In the course of an article about Windows Vista and Linux on the desktop, John Dvorak gives us a list of applications that, supposedly, customers told Novell they missed on the Linux desktop:

  1. Photoshop
  2. AutoCAD
  3. Dreamweaver
  4. iTunes
  5. Macromedia Studio
  6. Flash
  7. Quicken
  8. Visio
  9. QuickBooks
  10. Lotus Notes

No big surprises there with the exception perhaps of MS Office, mentioned by Dvorak in his notes. Interestingly enough, many of the apps belong to Adobe, not precisely a very big fan of open source. {link to this story}

[Fri Jan 26 11:00:10 CET 2007]

Some light-hearted humor. Apparently, Ubuntu Christian Edition wasn't enough for the Ubuntu folks, so someone in the community has now released Ubuntu Satanic Edition, codenamed Evil Edgy. {link to this story}

[Thu Jan 25 11:35:50 CET 2007]

Yet another interesting project I just found about: OSSwin allows you access to all sorts of open source software for Windows. {link to this story}

[Wed Jan 24 18:09:06 CET 2007]

Wow! It turned out Sun returned to profitability after all!

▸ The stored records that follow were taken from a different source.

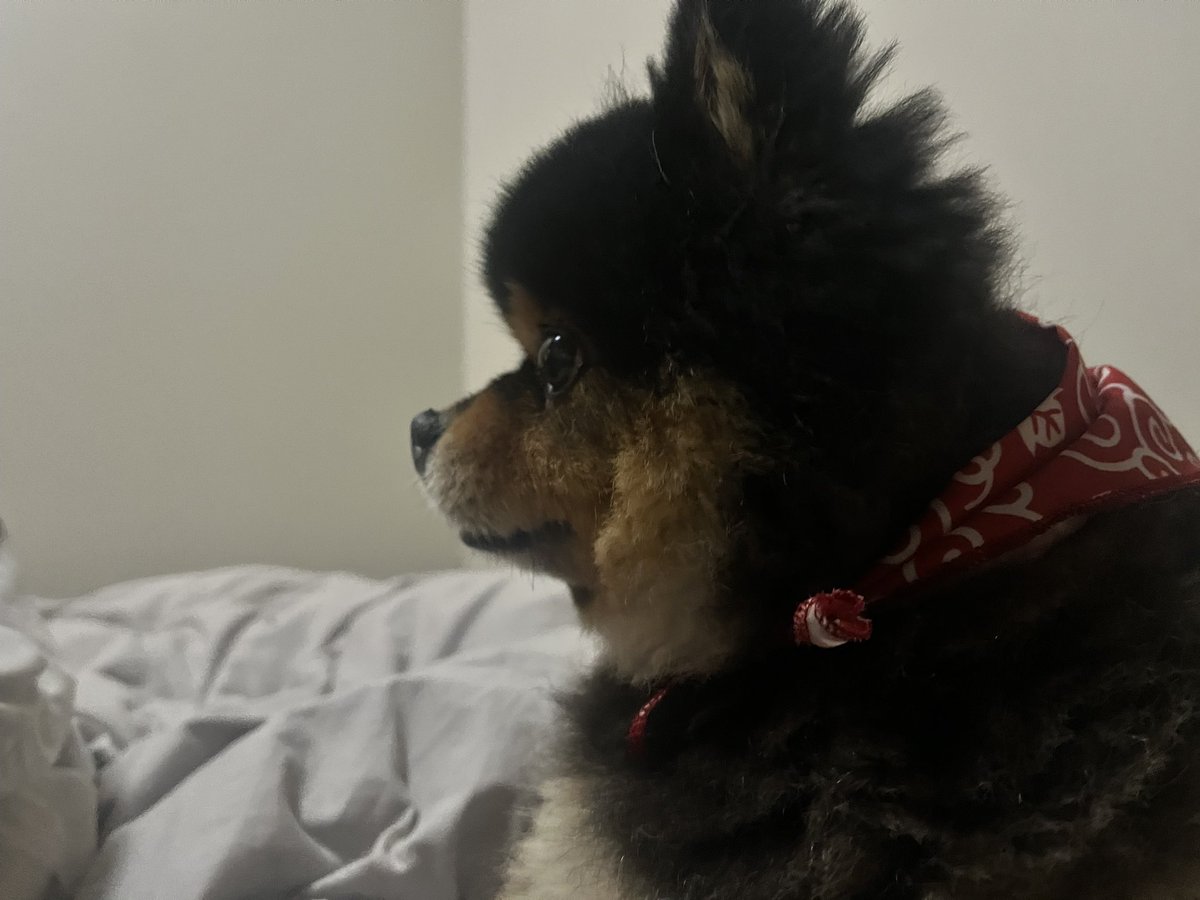 唐草模様がとても似合う洋犬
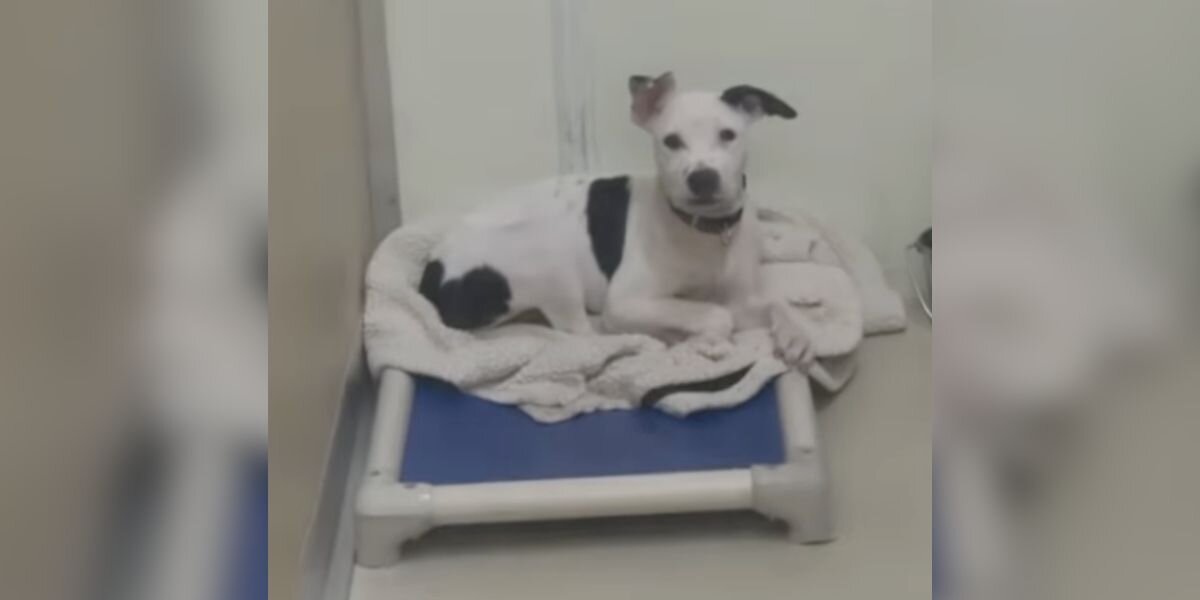 ‘Last Left Of Her Litter’ Watches Every Sibling Get Adopted — Until Someone Finally Sees Her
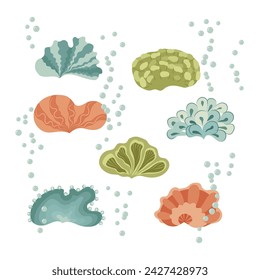 set of sea corals, vector image, elements for a composition in a marine style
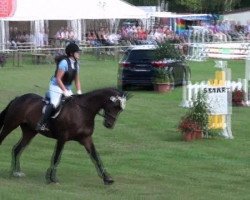 jumper Real Luck (Hanoverian, 2003, from Rabino)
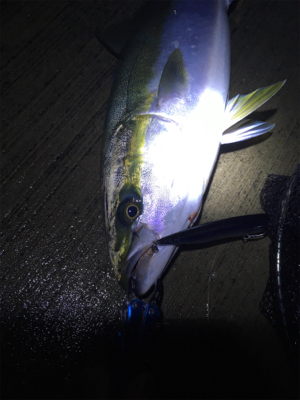 有給使っての釣行!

Sun's net income for the quarter, the second of its fiscal year, was $126 million, or 3 cents a share, in contrast to a net loss of $223 million, or 7 cents a share, for the period last year. The latest result beat analyst's forecasts.

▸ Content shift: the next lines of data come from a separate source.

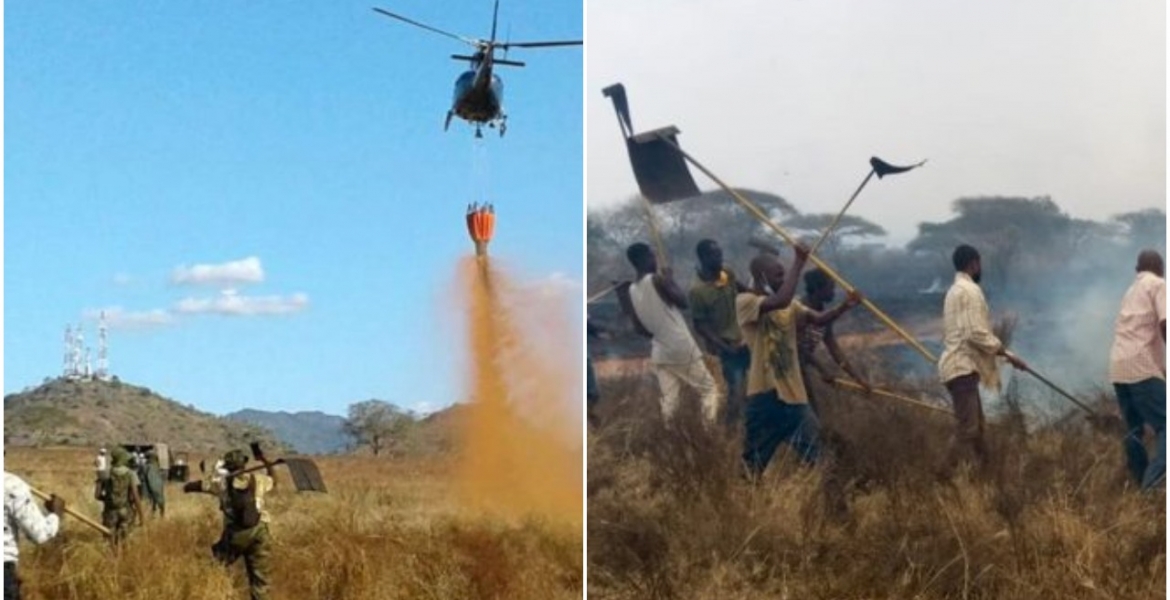 Police Launch Hunt for Arsonists Who Torched Tsavo West, Kenya's Largest National Park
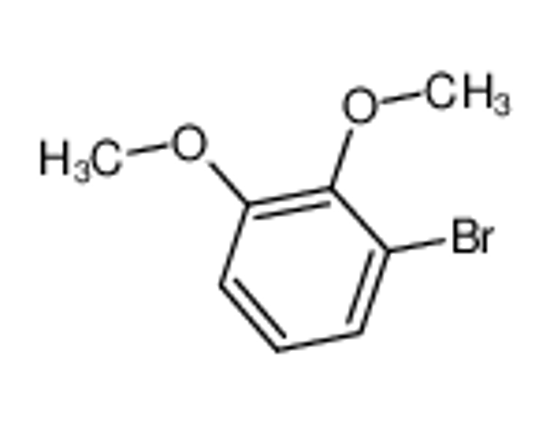 Picture of 1-Bromo-2,3-dimethoxybenzene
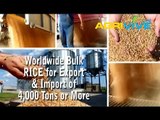 Bulk Rice Mill, Rice Milling, Rice Mill, Bulk Rice, Rice Mill, Rice Milling, Rice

Revenue was $3.6 billion, an increase of 7 percent over the $3.3 billion reported for the second quarter last year. Sun attributed the growth to server sales, as well as strong acceptance of Solaris, Sun's computer operating system. Revenue in Sun's computer systems products unit increased 14 percent, the fourth consecutive quarter of year-over-year revenue growth, the company said.

{link to this story}

[Wed Jan 24 13:10:53 CET 2007]

Just came across a short piece where Ray Kurzweil gives some tips to inventors:

  • Watch for "false pretenders": an upstarts threatens to eclipse older technology but the new technology misses key elements, so its failure reinforces belief by technology conservatives that the old technology will live forever. But new versions of upstart technology can disrupt the old technology. Case in point: electronic books, which failed for now, but will succeed: "books will be obsolete before the decade is out".
  • Fantasize that you're giving a speech years from now and you're explaining how you solved the problem.
  • Create devoted passionate teams and encourage open and wide communication.
  • Organize project milestones around demos.
  • Write the Advertising Brochure first (forces you to articulate features and benefits) and recruit the beneficiaries (users) to help invent the technology.
  • Invent while you sleep, using lucid dreaming.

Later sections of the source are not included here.